吴阿姨笑了:“那多好啊!说明你说得好!”
她拍了拍徽生曦的肩膀:“继续练,慢慢就会了。”
她走了,徽生曦坐在院子里,看着夕阳。
师父在厨房做饭,炊烟袅袅升起,和夕阳的光混在一起,温暖而宁静。
徽生曦坐在石凳上,手腕上的红绳在夕阳下泛着柔和的光。
那颗刻着“安”字的木珠子,贴着她的脉搏。
平安。
安好。
她想,今天很安好。
她说了话,得到了夸奖。
虽然只是简单的词,虽然只是平常的夸奖。
但对她来说,是进步。
是她在学习如何在这个世界,和人交流。
就像学写字,学画画,学做茶一样。
一步一步来。
晚饭时,她吃得比平时香。
师父看了她一眼,没说话,但眼神柔和了些。
吃完饭,她主动收拾碗筷,洗得干干净净。
然后她坐在堂屋门口,看着夜色慢慢降临。
“师父。”她忽然开口。
“嗯?”
“我今天……”她顿了顿,“说‘慢走’了。

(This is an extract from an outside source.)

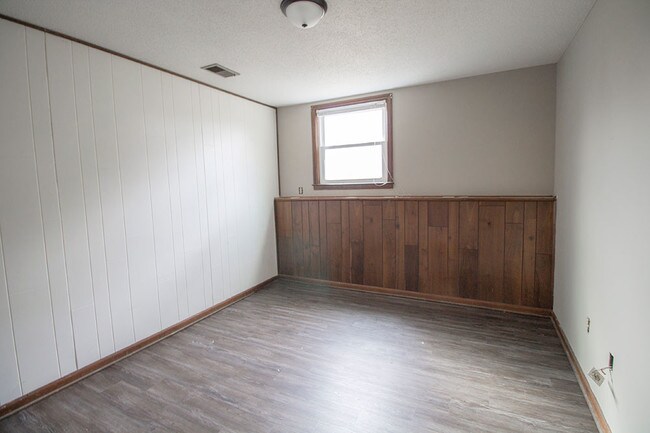 Building Photo - 213 E El Cortez Dr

”
徽生扶砚看向她。
“刘奶奶说……我懂事。”她说得很慢,但很清晰。
徽生扶砚沉默了下,然后点头:“嗯,很好。”
只是简单的三个字,但徽生曦听了,心里涌起一股暖流。
那暖流从心里蔓延到四肢,蔓延到脸上。
她感觉自己的嘴角在往上翘。
她控制不住。
然后,她笑了。
不是那种练习时勉强扯出的弧度,而是真正的、发自内心的笑。
虽然很浅,虽然很快又消失了。
但确实是笑了。
徽生扶砚看着她,眼神深了些。
他记得,在修仙界十五年,曦曦很少笑。只有在突破境界时,或者炼出好丹时,才会偶尔露出一点笑意。
但那种笑,更像是完成任务后的放松。
不像现在这样,纯粹因为被肯定而开心。
“很好。”他又说了一次。
徽生曦低下头,手指轻轻摩挲着手腕上的木珠子。
“安”字的刻痕,在指尖下清晰可辨。
平安。
安好。
一切都好。
夜色完全降临,星星一颗一颗亮起来。
小镇的灯火,温暖地亮着。
徽生曦坐在门口,听着远处隐约的电视声、说话声、狗叫声。
这个世界的声音。
她曾经害怕的声音。
现在,她慢慢在习惯。
慢慢在学习,如何融入这些声音里。
如何用自己的声音,回应这些声音。
虽然还只是简单的词。
虽然还只是小声地说。
但她在学。
在进步。
她想,这样很好。
就像师父说的,慢慢来。
总有一天,她能像吴阿姨那样,自然地和客人说话。
总有一天,她能像周晓晓那样,轻松地和朋友聊天。
总有一天,她能真正理解,语言不只是信息的传递,更是情感的连接。
而今天,是一个开始。
一个微小的、但真实的开始。
她站起身,走进堂屋。
那面镜子还在那里,她看了一眼镜子里的自己。
然后她轻声说:“欢迎。”
“慢走。”
声音轻柔,但坚定。
说完,她转身,走向自己的房间。
临睡前,她又摸了摸手腕上的红绳。
平安。
她想,明天也会是平安的一天。
而她,会继续学习。
继续进步。
一点一点地,在这个温暖的小镇,找到自己的声音。
第30章 生活节奏
一个月的时间,像流水一样从指缝间淌过去。
青石镇的春天完全舒展开来,山上的花开得愈发烂漫,后山的金银花和菊花一茬接一茬地长,仿佛永远采不完。
清晨五点半,天刚蒙蒙亮,徽生扶砚就背着竹篓出门了。
曦曦醒来时,院子里已经摆着两个装满新鲜花朵的竹篓。露水还沾在花瓣上,在晨光里闪闪发亮。
她穿好衣服,赤脚走到院子里。
深吸一口气,空气中满是花朵的清香和草叶的湿气。她蹲下身,开始一天的第一项工作——筛选。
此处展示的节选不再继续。